Choosing the most appropriate database architecture for a data warehouse system is an important aspect of the overall data warehouse strategy: Poorly implemented database architecture will negatively affect data warehouse performance and overall user experience.
It’s not uncommon to find SQL Server data warehouse implementations in which no effort was made to create more than a single default filegroup, which results in all data, indexes, and logs residing on the same number of disks. Despite having a strong data model, such a data warehouse initiative will be labeled a failure because of:
Backup files becoming too large, resulting in excessive backup and restore times
Data files becoming too large to manage, causing excessive execution times for rebuilding indexes and updating statistics
This underscores the need for an effective physical database design consisting of files and filegroups. In addition, a good database schema design can make database objects easier to access and simplify the security implementation.
Databases, Schemas, and Filegroups
Data modelers are responsible for developing the data warehouse data models, which are accessed by the three roles mentioned below. A data warehouse can be viewed differently depending on your role and your objectives:
Database developers view the data warehouse through a SQL lens. Their objective is to select the correct information from the data warehouse as efficiently as possible.
Data integration developers view the data warehouse as a destination. Their objective is to populate the data warehouse as efficiently as possible.
Database administrators view the data warehouse as a precious resource. Their objective is to ensure that the data warehouse is operational, secure, and high-performing—both when serving up data to business consumers and during database maintenance operations.
Figure 2-35 shows these different roles and how they relate to the data warehouse.
Figure 2-35: Data warehouse database logical and physical view
The data warehouse database can be viewed both as a logical entity accessed through SQL and as a physical entity consisting of multiple files stored within the disk subsystem.
Every SQL Server database is stored on disk and has two or more files:
Primary data file – A database has only one primary data file, which contains startup information and pointers to other files in the database.
Log file(s) – A database can have one or more log files.
Secondary data file(s) – These optional files are used to store database objects.
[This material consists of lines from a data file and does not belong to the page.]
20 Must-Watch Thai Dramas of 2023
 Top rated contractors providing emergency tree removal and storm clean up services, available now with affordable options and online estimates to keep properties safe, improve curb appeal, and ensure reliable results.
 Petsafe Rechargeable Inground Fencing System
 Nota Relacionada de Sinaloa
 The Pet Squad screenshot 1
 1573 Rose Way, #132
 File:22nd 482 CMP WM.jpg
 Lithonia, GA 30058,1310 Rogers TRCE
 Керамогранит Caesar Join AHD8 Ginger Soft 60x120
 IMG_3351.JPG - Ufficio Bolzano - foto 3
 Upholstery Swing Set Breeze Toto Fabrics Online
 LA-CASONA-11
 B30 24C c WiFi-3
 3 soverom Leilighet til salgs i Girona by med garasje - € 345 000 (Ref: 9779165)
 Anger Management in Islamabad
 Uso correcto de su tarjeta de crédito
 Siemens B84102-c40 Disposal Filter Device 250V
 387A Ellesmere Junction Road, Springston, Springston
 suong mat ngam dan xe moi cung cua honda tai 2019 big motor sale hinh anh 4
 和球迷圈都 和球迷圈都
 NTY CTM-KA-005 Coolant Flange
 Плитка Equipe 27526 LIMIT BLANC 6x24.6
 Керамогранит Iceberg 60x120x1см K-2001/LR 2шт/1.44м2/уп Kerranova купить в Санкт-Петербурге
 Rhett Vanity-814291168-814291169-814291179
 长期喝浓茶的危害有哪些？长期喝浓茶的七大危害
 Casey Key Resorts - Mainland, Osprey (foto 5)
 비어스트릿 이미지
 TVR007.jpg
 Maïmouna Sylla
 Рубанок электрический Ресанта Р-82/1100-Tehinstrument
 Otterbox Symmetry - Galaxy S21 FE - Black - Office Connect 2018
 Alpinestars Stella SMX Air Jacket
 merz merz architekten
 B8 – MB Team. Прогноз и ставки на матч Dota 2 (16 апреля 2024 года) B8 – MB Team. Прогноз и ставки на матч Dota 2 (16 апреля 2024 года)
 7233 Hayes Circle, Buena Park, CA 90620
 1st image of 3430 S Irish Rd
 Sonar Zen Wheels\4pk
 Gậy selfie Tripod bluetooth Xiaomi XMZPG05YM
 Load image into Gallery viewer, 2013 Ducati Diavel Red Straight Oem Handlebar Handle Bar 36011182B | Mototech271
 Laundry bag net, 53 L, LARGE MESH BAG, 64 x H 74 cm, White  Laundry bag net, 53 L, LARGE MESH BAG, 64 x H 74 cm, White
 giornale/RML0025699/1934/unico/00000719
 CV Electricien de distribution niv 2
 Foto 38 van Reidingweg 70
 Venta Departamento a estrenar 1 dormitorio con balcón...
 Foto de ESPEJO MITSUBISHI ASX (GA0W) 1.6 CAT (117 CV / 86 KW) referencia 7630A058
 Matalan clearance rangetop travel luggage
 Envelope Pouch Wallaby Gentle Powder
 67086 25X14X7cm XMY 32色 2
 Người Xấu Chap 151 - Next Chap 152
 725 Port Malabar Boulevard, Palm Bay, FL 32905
Although optional, the use of secondary data files is highly recommended for a SQL Server data warehouse.
Backup file(s) – These files are used to back up information from the data warehouse.
All database files are organized into one or more filegroups. Every file has one filegroup parent, and every database object is associated with a filegroup. The primary filegroup stores all system tables.
A key database architecture task is determining which database objects reside in which filegroups. This task must take the different developer and DBA activities into consideration, including select, insert, and update activity; backup and restore processes; and database maintenance operations such as re-indexing, the updating of statistics, defragmentation, and so on.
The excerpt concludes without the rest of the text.